EXERCISE BRIEF: The answer must be an exact copy of the lines from the one containing "Hamper Canvas Cubierto Kids Perros" through the end of the records, with the pictures left out.
[INPUT DATA Boundary: Start]
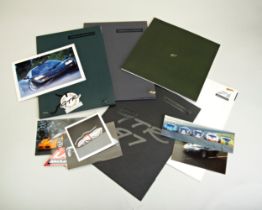 MCLAREN F1/LM/GTR - A SELECTION OF ORIGINAL PRESS MATERIAL Customer direct mail piece for the 1996
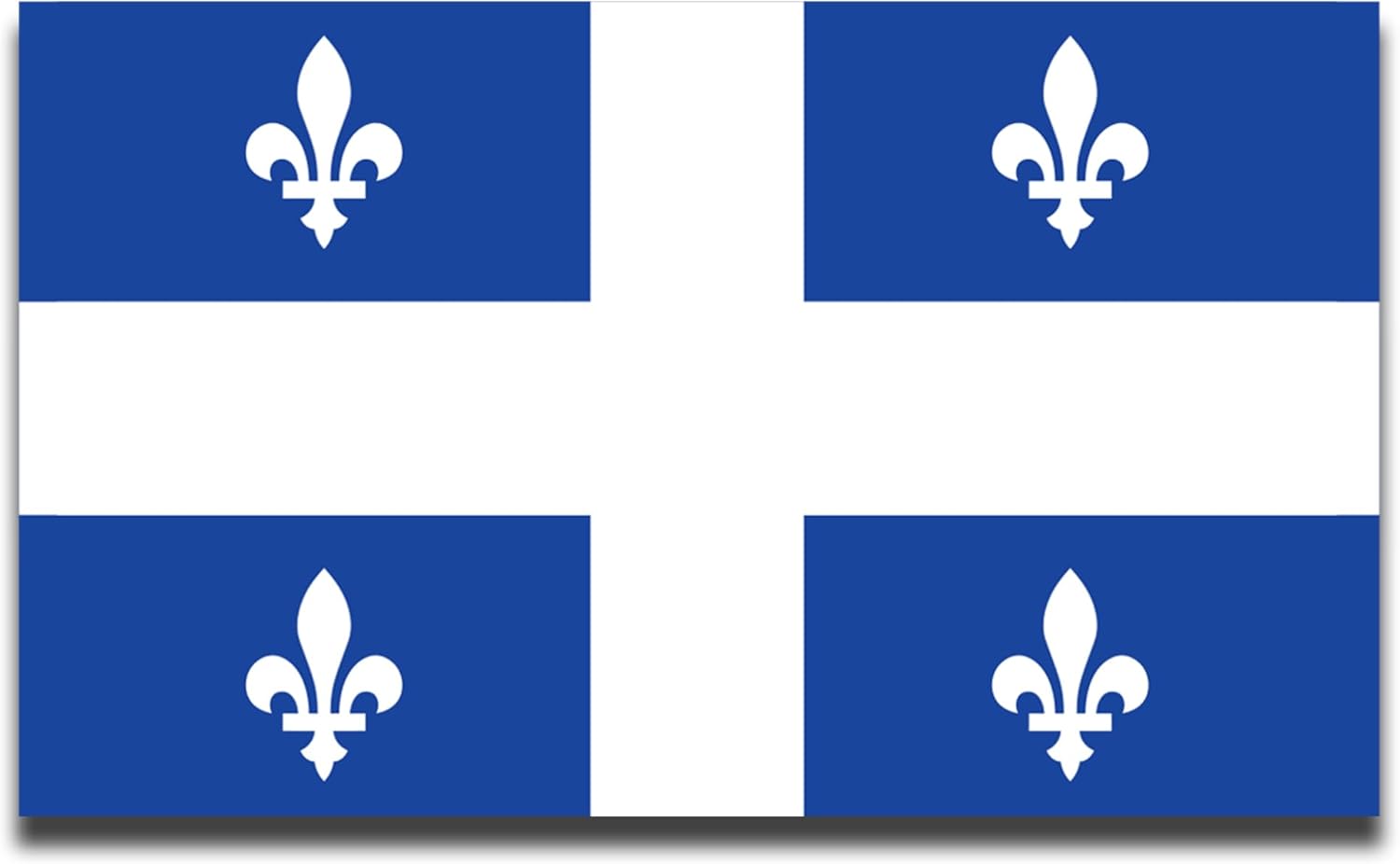 Magne M U Quebe Fla Magnet 4x Inches 46 Flexibl Magneti Decal Heav Dut Viny Magne fo Car Truck SUV Fridge Locker Canadia Provinc Souvenir Mad i USA,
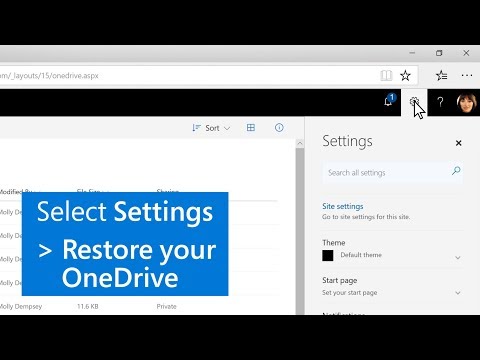 How to restore your files with OneDrive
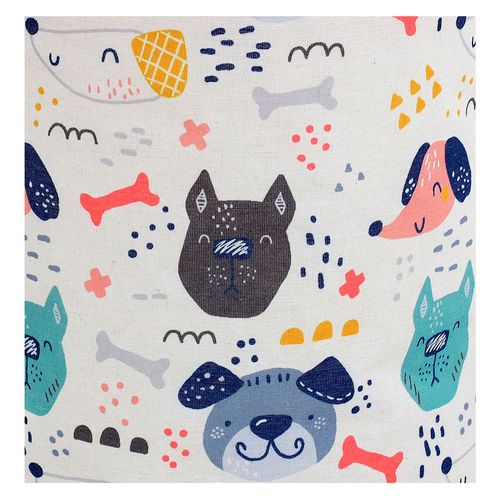 Hamper Canvas Cubierto Kids Perros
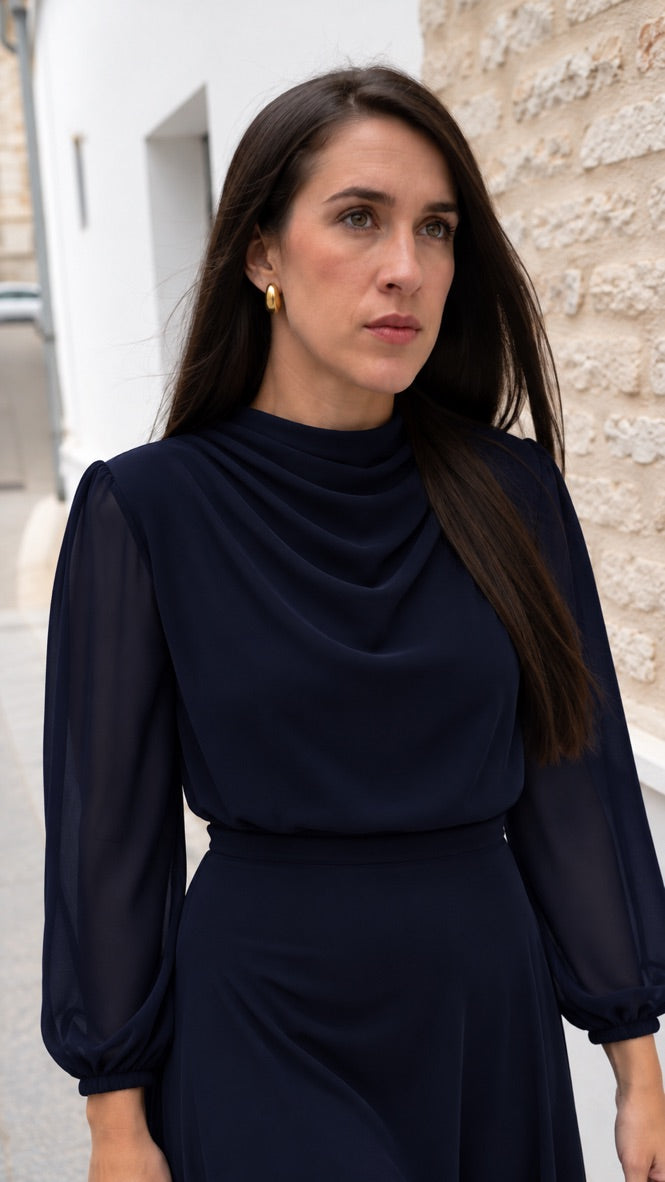 VESTIDO BERLIN AZUL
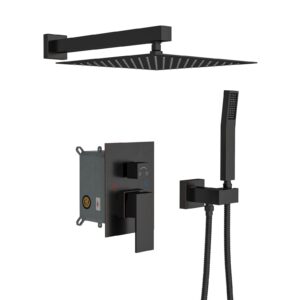 10 Inch Bronze Rain Shower Faucet Set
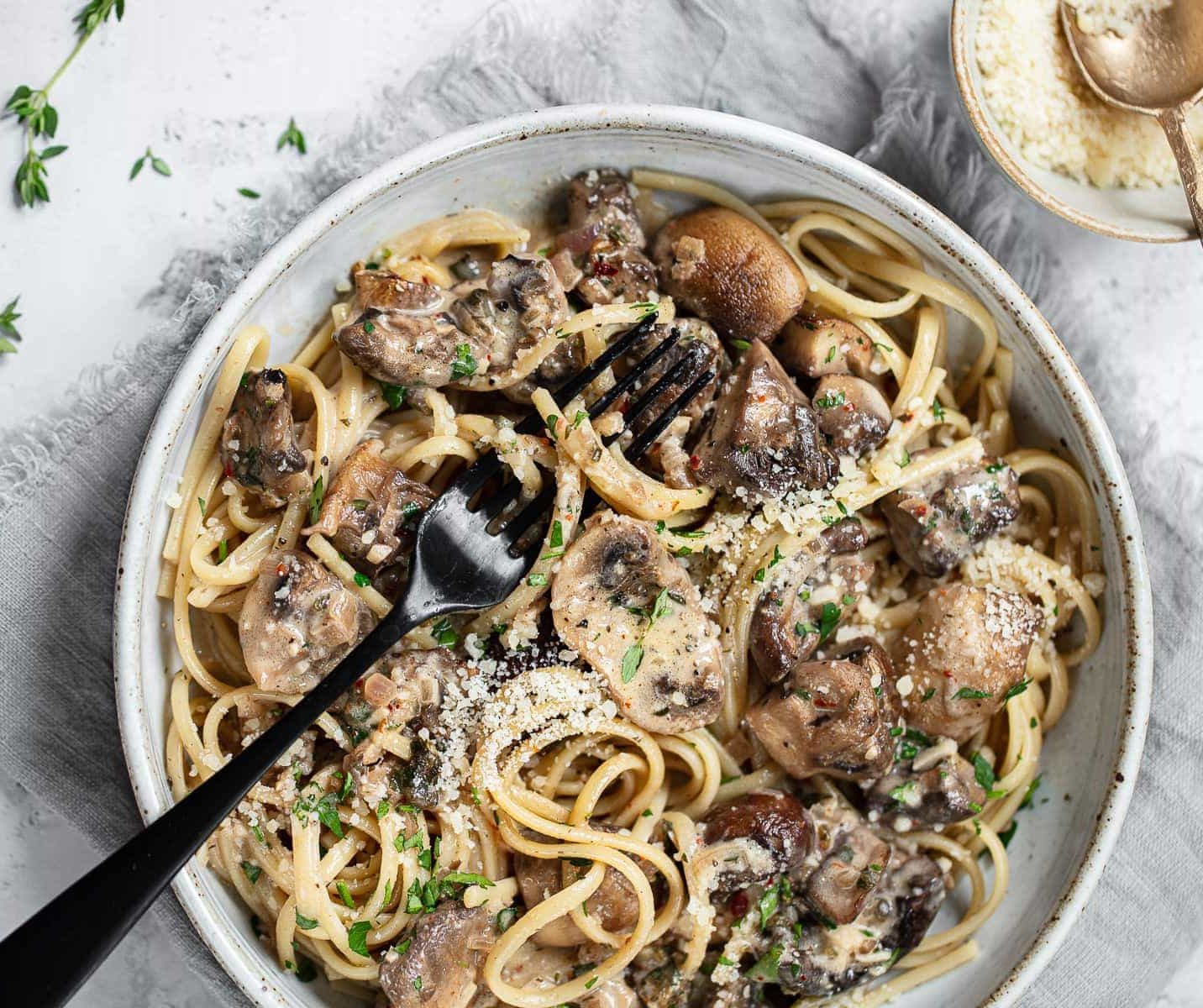 Authentic Italian Wild Mushroom Pasta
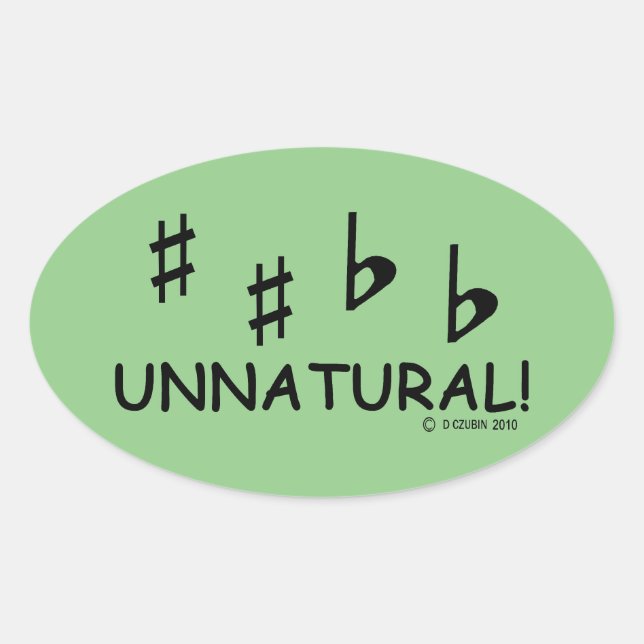 Sticker ovale non naturel (Devant)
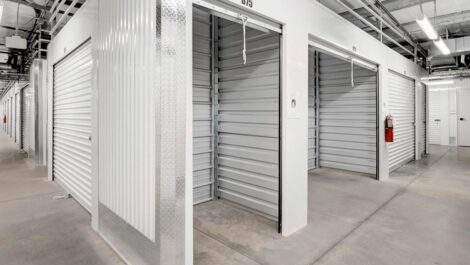 Indoor storage units at Mini Storage Depot on Bethany Road.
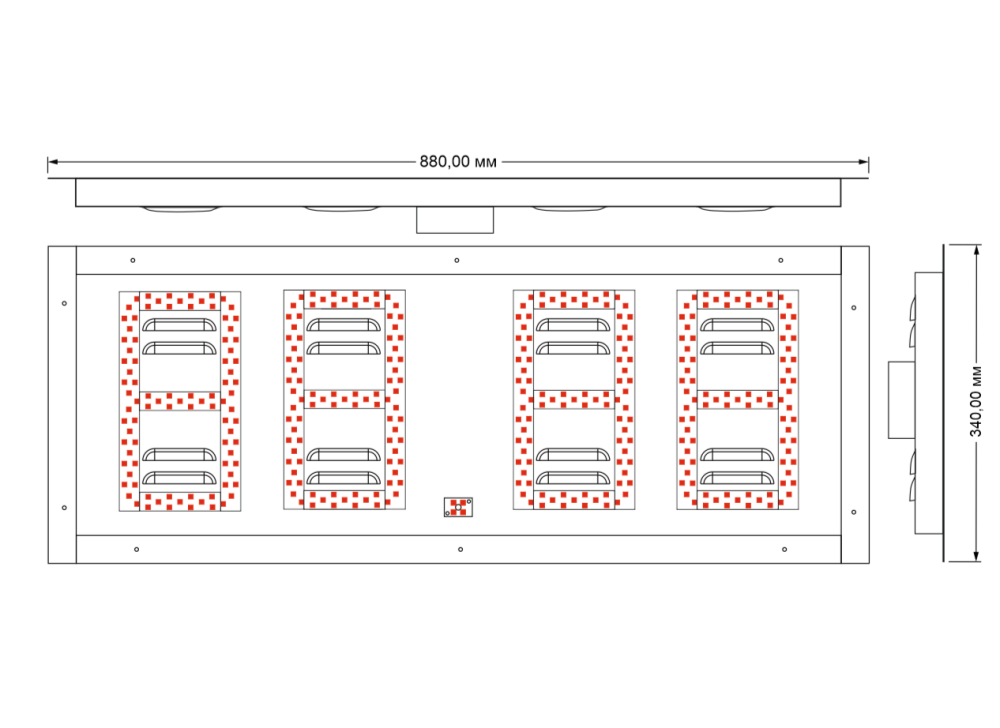 Табло АЗС в корпусе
[INPUT DATA Boundary: End]
TASK SOLUTION:
 Hamper Canvas Cubierto Kids Perros
 VESTIDO BERLIN AZUL
 10 Inch Bronze Rain Shower Faucet Set
 Authentic Italian Wild Mushroom Pasta
 Sticker ovale non naturel (Devant)
 Indoor storage units at Mini Storage Depot on Bethany Road.
 Табло АЗС в корпусе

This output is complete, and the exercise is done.